Ensure estimates are accurate.

This might seem generic advice, but there are many ways you can incur unforeseeable costs in any construction project. To avoid this, you need to properly carry out your estimates and be ahead of the expenses at all times. Consult with professionals to know all the costs required from the beginning to the end and carry out accurate revenue projections.

The benefits of cost estimation include limiting delays and managing your materials.

Prepare for change orders.

Change is almost always inevitable in the construction process. When a contractor takes up a project, he should be ready for these change orders. Change orders are common in construction but, at the same time, are also a pain point if improperly handled. Contractors can prepare for these change orders by using clear systematic procedures from the start. The contract should be reviewed in anticipation to change and proper communication channels put in place to manage the change orders.

Frequently Asked Questions

How much does it cost to build a commercial building?

Commercial buildings vary in scope, budget, building type, labor and finishes, and location. The office building construction cost per square foot average cost ranges from $16 to $20 per square foot. However, depending on the factors stated above, they can shoot up to $30 to $40 per square foot.

How long does it take to build a commercial building?

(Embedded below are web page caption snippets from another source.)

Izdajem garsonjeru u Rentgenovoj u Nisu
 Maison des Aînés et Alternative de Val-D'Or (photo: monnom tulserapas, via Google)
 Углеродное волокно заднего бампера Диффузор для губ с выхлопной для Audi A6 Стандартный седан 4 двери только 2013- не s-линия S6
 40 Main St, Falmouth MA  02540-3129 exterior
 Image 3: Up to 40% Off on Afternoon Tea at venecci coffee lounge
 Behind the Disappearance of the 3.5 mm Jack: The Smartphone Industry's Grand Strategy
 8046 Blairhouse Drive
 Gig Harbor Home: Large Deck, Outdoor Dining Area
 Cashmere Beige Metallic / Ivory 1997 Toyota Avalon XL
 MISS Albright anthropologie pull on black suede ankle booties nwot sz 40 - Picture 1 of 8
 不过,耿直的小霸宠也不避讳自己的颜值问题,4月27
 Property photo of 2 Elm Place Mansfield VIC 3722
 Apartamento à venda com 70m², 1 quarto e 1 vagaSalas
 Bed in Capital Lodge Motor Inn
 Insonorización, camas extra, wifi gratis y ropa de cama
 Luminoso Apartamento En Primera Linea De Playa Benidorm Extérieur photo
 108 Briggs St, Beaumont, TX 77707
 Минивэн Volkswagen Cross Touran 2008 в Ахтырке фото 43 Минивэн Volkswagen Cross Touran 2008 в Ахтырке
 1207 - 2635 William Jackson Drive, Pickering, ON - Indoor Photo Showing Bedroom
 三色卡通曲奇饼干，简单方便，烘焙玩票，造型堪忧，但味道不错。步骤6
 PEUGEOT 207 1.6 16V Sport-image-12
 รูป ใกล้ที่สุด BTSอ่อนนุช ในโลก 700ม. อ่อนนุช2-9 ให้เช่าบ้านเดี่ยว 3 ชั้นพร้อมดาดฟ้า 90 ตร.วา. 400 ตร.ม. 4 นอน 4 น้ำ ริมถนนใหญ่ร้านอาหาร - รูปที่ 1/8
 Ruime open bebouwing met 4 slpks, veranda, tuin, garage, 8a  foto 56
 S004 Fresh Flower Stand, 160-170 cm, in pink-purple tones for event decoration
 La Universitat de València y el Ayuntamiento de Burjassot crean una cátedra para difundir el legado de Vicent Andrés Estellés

Factors affecting a building's price are the materials used, labor, finances, and all-year-round climate. With all factors considered and proper planning in place, a 10000 square feet building takes between 5 to 6 months to build, while a 50000 square feet building takes 6 to 8 months to finish constructing.

What is considered a commercial building?

A commercial building is a building with over 50% of the floor space used for commercial activities.

How many parking spaces are required for a commercial building?

Different buildings have varying parking ratios that govern the relationship between building size and parking spaces. A standard commercial building needs about five parking spaces per 1000 square feet. Buildings used as call centers and medical offices may need more space. The correct number depends on the building occupancy and the modes of transport people use to access the building.

Is a church considered a commercial building?

As per the International Building Code, churches are classified as commercial buildings.

What is the wall thickness of a commercial building?

The minimum thickness for a commercial building is 5.5 inches, but the most widely adopted thickness is 7.25 inches.

Is an apartment building residential or commercial?

Apartment buildings are designed for residential use, but large-scale apartment complexes are considered commercial buildings as they are leased out for rent.

Final Thoughts

Setting up a commercial building sometimes seems like a daunting task, but with an air-tight construction plan, the journey can start and end smoothly. Involving and managing the best team scales up the performance and lets you meet your expectations in a timely and cost-effective manner.